▶ What you are asked to do: Please output exactly the part of the records below that opens with the line containing "Licht grijze hoekbank" and closes with the line containing "Holiday Party Colourful", both lines included, and nothing else.

▶ Given data:
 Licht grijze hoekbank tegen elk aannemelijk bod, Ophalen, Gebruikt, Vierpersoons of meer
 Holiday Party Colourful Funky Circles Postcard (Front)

* * *

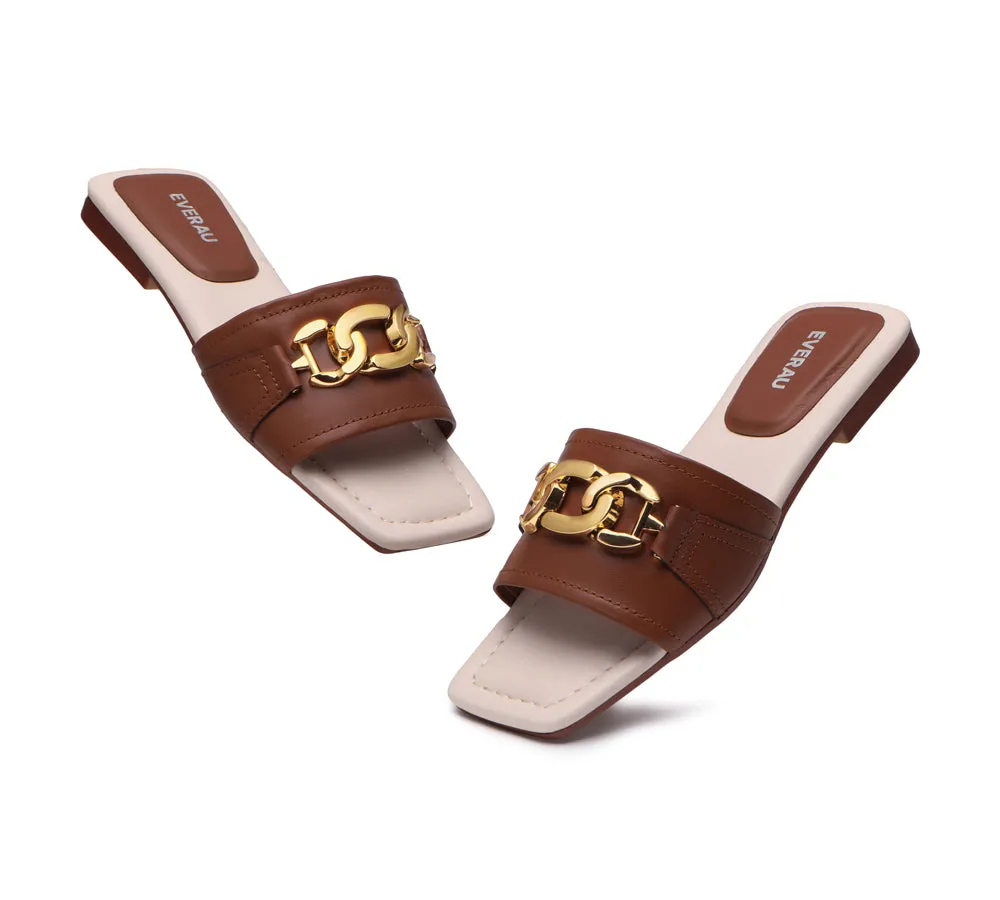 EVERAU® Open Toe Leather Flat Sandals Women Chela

* * *

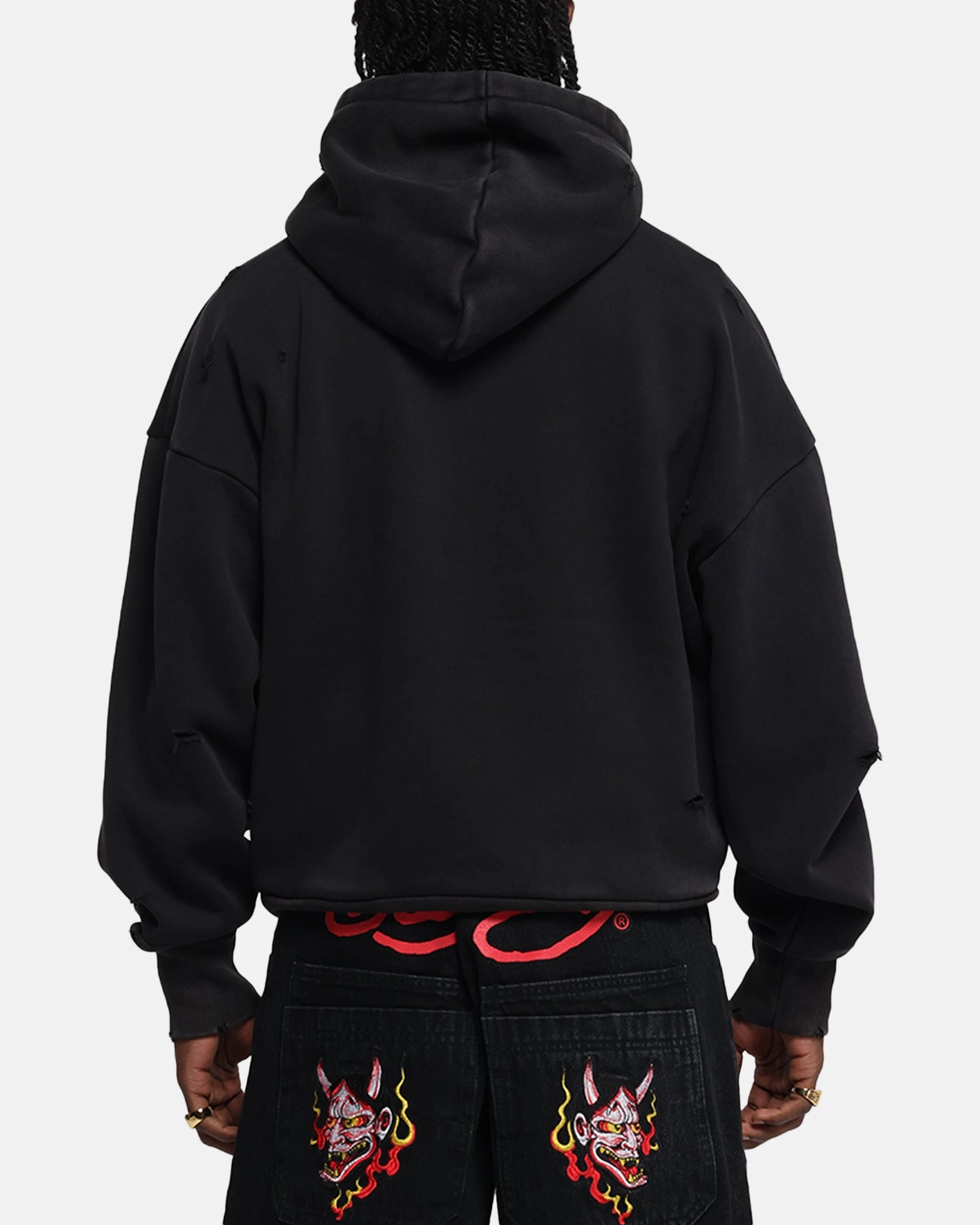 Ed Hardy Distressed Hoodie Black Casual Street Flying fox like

▶ Solution to this exercise:
 Licht grijze hoekbank tegen elk aannemelijk bod, Ophalen, Gebruikt, Vierpersoons of meer
 Holiday Party Colourful Funky Circles Postcard (Front)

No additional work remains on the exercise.